What is the cause of all this? The wilfulness of our workers, some may opine, as they are not strictly supervised. Vagrants, it is said, are living in indolence everywhere in our rural regions. Journeymen and apprentices are not what they used to be. Farmhands and maids will not lift a hand unless the master himself accompanies them.

I do not know whether there are more overseers anywhere than among us, but who is to exercise supervision when they themselves sleep until 10 o’clock in the morning? I have heard a number of proposals to the effect that if a tenant farmer will not work hard on his holding, he should be flogged, or at least evicted from the holding. It has indeed already happened that some have been punished because they could not immediately abandon an ancient livelihood, without which they would at first have been at least half-starving.

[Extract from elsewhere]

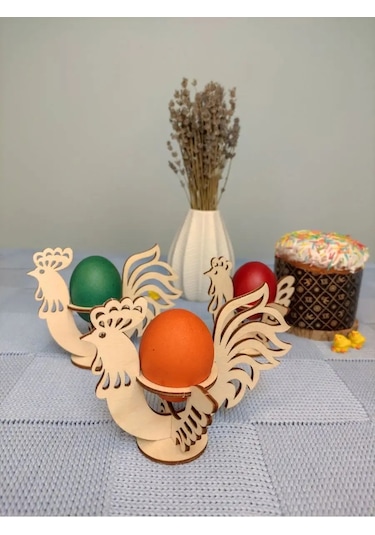 Woodiks Paskalya Yumurtası Standı 152646959 Bej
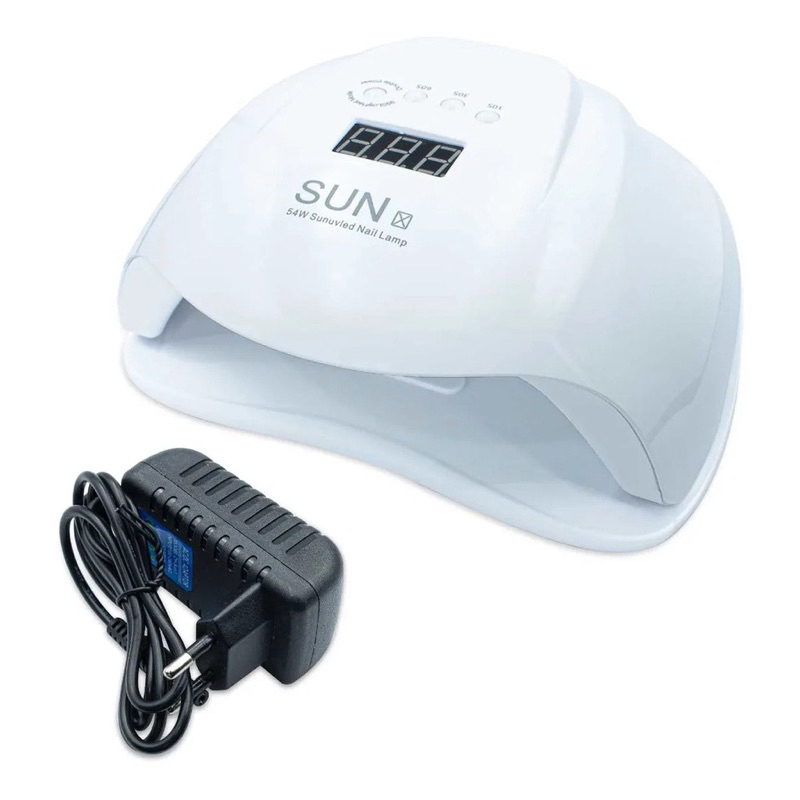 Cabine Led Uv Secadora Forte Unha Gel 54W  Branco  Bivolt---22034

Such people will infallibly recognize our form of liberty. Flogging and liberty

combined: what a strange notion!

Let us not blame our nation and its particular character for its inertia; let us not lay the blame on corrupted manners. That would indeed be the easiest thing to do, but it is of little use to the country. The source of this evil is to be found elsewhere.

The more opportunities there are in a society for some to live on the toil of others and the less others are allowed to enjoy the fruits of their labour, the more will industriousness be destroyed; the former become overweening and the latter desperate, while both become neglectful.

That basic proposition is so well founded and so thoroughly confirmed by knowledge of human nature and daily experience that I challenge anyone to rationally disprove it.

Industriousness and diligence require a cheerful disposition and constant competition if they are not soon to slacken off. They never exist under oppression, but when they are encouraged by liberty, a rapid turnover of products and individual profit, that natural sluggishness will be overcome which can never be permanently removed by violent means.